── MATERIAL FOR THE TASK ──

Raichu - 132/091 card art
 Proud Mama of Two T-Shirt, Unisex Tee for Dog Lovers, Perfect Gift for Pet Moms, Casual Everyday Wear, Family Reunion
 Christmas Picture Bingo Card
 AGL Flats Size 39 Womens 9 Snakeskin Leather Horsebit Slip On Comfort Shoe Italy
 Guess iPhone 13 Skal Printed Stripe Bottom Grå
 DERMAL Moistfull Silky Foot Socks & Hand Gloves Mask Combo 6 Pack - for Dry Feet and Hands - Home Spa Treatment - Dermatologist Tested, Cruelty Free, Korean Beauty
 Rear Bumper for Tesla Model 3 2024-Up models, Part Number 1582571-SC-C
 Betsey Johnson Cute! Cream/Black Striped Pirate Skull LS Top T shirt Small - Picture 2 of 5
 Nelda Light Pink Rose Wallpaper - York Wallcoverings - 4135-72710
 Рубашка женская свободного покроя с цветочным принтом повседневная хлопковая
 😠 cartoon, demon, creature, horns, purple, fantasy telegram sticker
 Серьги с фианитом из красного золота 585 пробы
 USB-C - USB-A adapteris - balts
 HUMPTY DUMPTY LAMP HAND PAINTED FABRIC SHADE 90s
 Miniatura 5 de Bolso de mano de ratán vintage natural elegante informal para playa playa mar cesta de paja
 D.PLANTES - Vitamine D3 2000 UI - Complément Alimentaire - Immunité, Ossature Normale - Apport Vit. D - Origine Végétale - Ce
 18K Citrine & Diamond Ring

───

• _WHAT YOU ARE ASKED TO DO_
When you answer, repeat every record exactly, omitting nothing.

• _EXERCISE ANSWER_
Raichu - 132/091 card art
 Proud Mama of Two T-Shirt, Unisex Tee for Dog Lovers, Perfect Gift for Pet Moms, Casual Everyday Wear, Family Reunion
 Christmas Picture Bingo Card
 AGL Flats Size 39 Womens 9 Snakeskin Leather Horsebit Slip On Comfort Shoe Italy
 Guess iPhone 13 Skal Printed Stripe Bottom Grå
 DERMAL Moistfull Silky Foot Socks & Hand Gloves Mask Combo 6 Pack - for Dry Feet and Hands - Home Spa Treatment - Dermatologist Tested, Cruelty Free, Korean Beauty
 Rear Bumper for Tesla Model 3 2024-Up models, Part Number 1582571-SC-C
 Betsey Johnson Cute! Cream/Black Striped Pirate Skull LS Top T shirt Small - Picture 2 of 5
 Nelda Light Pink Rose Wallpaper - York Wallcoverings - 4135-72710
 Рубашка женская свободного покроя с цветочным принтом повседневная хлопковая
 😠 cartoon, demon, creature, horns, purple, fantasy telegram sticker
 Серьги с фианитом из красного золота 585 пробы
 USB-C - USB-A adapteris - balts
 HUMPTY DUMPTY LAMP HAND PAINTED FABRIC SHADE 90s
 Miniatura 5 de Bolso de mano de ratán vintage natural elegante informal para playa playa mar cesta de paja
 D.PLANTES - Vitamine D3 2000 UI - Complément Alimentaire - Immunité, Ossature Normale - Apport Vit. D - Origine Végétale - Ce
 18K Citrine & Diamond Ring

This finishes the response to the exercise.